Financial Conduct Authority statement means more customers could be eligible for payout because of supreme court ruling on commissions

Banks could face a bigger bill for mis-selling payment protection insurance after the City regulator said it was considering new rules on how customers should be compensated.

The Financial Conduct Authority statement means more customers could be eligible for compensation because of a supreme court decision. The court ruled in November that if a PPI seller failed to disclose to a customer that it had received a large commission from the product provider, the sale was unfair under the 1974 Consumer Credit Act.

The judgment on the case Plevin v Paragon Personal Finance paves the way for a new stream of customers to receive compensation for Britain’s biggest mis-selling scandal. The FCA’s response to the ruling indicates that if a PPI policy was otherwise sound the seller could still have to repay the customer if it had received a big, undisclosed commission.

Banks and other companies have paid £18.8bn in compensation on more than 9m policies since January 2011, with the total cost expected to reach £24bn. As recently as January, the Financial Ombudsman Service was receiving 4,000 new cases a week.

The City regulator said: “The FCA is considering whether additional rules and/or guidance are required to deal with the impact of the Plevin decision on complaints about PPI. The FCA will be engaging with relevant stakeholders in the coming months in respect of this and it expects to announce its views on this, including next steps, at the same time as existing work.”

Banks and other financial services companies sold about 45m PPI policies between 1990 and 2010. The policies were sold alongside loans and other credit deals with the promise that payments would be covered if borrowers were unable to work. But in many cases, clauses in the policies meant customers could never make a claim and some were unaware that PPI had been added to their loan.

In the Plevin judgment, the supreme court did not define what it meant by a large commission. 72% of the £5,780 premium paid by Susan Plevin in the was commission for the lender and the broker that sold her the loan, with the rest going to the PPI provider, Norwich Union.

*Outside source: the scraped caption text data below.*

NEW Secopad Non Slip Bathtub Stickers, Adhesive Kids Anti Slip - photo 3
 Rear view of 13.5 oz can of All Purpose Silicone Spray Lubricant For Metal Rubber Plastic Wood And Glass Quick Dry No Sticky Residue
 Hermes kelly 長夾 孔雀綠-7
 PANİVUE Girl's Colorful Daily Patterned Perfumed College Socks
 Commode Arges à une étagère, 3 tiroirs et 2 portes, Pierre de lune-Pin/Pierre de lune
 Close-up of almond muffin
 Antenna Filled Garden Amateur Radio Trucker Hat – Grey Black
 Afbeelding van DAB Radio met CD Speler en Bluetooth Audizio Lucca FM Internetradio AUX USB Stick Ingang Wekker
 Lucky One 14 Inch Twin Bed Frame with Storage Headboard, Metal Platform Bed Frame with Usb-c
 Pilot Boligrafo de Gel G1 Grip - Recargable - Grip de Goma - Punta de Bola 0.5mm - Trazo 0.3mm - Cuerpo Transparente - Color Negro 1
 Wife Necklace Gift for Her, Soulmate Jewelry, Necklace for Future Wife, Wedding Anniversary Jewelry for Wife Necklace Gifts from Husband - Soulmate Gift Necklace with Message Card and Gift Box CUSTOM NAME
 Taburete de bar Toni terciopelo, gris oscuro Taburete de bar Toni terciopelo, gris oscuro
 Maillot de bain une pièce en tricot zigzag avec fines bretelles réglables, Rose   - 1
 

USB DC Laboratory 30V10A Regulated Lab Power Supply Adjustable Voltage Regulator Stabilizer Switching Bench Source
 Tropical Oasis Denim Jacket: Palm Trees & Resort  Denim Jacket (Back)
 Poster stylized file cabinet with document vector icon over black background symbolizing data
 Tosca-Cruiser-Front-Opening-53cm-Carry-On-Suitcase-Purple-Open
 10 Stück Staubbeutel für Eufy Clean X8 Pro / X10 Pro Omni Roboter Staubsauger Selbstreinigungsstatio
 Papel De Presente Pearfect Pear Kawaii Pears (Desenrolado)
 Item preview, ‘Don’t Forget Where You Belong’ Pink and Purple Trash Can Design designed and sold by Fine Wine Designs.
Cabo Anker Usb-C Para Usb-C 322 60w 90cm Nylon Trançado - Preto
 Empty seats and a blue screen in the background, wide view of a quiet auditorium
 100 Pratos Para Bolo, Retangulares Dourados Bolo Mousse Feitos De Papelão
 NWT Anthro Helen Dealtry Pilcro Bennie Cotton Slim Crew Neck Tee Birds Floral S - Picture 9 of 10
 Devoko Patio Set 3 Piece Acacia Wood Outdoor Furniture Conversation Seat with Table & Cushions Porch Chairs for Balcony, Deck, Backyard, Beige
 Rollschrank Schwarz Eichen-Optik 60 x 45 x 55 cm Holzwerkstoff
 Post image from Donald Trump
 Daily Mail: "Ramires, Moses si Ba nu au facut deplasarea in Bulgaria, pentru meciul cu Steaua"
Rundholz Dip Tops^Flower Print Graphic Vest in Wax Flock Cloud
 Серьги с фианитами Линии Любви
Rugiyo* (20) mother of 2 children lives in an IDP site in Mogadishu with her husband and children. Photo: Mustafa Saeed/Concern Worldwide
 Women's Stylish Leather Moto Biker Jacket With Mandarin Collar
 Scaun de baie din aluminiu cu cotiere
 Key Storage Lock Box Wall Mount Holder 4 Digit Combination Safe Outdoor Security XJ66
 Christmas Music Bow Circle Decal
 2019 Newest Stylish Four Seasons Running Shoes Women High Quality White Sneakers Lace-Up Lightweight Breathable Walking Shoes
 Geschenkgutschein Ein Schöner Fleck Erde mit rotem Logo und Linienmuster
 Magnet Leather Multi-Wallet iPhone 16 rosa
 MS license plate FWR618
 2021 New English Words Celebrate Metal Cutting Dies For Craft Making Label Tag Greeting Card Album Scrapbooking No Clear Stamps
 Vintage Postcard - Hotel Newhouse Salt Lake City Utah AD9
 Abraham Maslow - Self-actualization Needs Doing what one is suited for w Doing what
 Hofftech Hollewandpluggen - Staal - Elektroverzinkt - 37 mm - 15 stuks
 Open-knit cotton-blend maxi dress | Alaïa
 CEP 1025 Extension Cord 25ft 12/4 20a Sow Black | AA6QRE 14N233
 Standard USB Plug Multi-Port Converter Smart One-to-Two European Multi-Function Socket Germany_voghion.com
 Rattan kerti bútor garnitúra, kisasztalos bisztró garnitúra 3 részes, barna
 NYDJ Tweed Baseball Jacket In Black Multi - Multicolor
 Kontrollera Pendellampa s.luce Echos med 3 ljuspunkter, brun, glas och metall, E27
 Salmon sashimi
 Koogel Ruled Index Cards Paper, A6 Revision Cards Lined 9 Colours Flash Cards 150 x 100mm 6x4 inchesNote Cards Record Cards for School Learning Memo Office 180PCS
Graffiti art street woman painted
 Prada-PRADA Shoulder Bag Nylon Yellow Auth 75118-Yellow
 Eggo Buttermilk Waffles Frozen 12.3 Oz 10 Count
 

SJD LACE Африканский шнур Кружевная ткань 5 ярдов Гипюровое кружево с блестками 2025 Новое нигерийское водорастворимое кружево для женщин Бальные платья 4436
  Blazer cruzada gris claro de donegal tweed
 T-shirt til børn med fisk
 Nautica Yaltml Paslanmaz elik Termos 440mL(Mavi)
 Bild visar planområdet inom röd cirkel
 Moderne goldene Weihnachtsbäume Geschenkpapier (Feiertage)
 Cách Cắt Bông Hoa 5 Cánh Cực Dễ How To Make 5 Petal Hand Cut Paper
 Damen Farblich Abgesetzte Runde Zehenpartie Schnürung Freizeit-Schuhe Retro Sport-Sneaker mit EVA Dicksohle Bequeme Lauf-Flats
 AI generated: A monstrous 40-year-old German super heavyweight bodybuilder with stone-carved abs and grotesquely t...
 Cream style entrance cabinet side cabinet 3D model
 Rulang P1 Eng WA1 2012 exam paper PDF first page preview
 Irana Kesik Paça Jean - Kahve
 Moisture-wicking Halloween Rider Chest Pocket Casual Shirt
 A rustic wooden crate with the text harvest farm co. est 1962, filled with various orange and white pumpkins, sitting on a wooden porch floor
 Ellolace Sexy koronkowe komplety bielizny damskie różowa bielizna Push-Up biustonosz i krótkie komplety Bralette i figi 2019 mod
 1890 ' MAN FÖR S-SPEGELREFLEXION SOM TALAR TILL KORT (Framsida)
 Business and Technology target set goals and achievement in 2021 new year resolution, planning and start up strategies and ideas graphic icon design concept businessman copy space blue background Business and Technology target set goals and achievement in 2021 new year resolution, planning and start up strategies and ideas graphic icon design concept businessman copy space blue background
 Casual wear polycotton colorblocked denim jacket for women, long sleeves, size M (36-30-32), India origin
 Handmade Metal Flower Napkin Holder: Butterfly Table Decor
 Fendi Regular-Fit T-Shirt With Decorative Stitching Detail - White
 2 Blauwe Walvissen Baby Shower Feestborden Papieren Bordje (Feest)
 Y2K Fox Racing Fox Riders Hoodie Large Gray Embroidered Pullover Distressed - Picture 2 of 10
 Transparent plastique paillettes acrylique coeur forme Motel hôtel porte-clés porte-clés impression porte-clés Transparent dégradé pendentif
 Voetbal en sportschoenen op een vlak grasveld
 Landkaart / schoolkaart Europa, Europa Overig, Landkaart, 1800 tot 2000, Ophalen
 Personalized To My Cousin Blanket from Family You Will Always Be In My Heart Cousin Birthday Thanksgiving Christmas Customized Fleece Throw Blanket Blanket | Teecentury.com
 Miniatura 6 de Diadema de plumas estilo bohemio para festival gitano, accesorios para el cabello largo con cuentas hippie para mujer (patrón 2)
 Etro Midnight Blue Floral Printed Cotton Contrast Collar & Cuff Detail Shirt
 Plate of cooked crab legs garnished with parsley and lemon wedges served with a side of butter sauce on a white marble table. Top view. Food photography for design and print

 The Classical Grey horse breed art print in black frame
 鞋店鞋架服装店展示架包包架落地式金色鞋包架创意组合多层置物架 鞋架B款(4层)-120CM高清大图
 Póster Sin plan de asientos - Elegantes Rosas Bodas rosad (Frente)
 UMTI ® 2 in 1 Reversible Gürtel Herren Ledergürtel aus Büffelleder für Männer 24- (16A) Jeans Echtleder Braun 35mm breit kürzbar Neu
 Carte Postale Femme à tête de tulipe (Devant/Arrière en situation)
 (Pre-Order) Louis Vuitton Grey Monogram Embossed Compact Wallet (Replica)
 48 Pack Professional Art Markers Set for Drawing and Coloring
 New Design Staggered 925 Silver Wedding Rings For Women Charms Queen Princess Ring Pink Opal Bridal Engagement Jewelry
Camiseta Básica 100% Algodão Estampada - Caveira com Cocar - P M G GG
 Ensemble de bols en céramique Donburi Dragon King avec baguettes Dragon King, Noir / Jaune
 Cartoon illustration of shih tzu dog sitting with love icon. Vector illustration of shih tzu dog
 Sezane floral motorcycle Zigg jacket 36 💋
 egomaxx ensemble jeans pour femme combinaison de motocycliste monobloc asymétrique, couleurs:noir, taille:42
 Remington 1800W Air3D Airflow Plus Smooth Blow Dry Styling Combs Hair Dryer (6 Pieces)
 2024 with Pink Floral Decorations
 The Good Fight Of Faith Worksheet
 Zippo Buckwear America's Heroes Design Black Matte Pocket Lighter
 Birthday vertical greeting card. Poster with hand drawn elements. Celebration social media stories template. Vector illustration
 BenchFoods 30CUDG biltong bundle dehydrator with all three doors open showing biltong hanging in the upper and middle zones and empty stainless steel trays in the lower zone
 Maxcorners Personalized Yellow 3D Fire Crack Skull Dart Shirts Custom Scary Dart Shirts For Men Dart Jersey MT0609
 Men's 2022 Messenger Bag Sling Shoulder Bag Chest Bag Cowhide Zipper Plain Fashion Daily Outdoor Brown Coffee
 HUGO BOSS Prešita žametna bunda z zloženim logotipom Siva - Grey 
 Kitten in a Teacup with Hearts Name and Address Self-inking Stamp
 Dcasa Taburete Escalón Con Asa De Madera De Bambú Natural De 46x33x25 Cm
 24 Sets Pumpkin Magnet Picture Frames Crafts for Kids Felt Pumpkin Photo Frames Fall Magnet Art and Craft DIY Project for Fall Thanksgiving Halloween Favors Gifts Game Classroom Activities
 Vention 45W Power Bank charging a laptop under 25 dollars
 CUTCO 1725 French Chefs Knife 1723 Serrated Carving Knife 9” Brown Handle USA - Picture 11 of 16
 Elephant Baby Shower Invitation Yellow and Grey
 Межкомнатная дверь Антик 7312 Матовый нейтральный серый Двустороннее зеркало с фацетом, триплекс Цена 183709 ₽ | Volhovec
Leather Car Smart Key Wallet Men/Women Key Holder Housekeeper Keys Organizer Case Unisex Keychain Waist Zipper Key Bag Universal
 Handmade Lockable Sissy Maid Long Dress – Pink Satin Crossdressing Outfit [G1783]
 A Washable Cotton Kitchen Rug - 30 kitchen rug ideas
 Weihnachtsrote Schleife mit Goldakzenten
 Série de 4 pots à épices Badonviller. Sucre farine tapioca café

Plevin, who was a widowed college lecturer aged 59, borrowed £34,000 from Paragon Personal Finance through the broker. She was told that commission was paid on the PPI policy but she was not told how much or which company received it.

The FCA said in January it was reviewing trends for PPI complaints. The regulator said any changes in light of Plevin would be part of that review and that it expected to report over the next few months on how the Plevin case will affect policies on which commission was paid.

Martin Lewis, founder of moneysavingexpert.com, said: “There are hundreds of thousands if not millions of people who have already complained about PPI and been rejected who may actually be due their money back. This latest case likely adds to that – with even more people brought into the mis-selling net, many of whom will have already been rejected.”

The FCA has cracked down on how companies compensate PPI customers before. Last August it ordered lenders to reopen more than 2.5m complaints because it suspected they were wrongly rejected or that customers had received too little compensation. In January it said it was looking at claims in greater detail and considering further measures to make sure they were paid.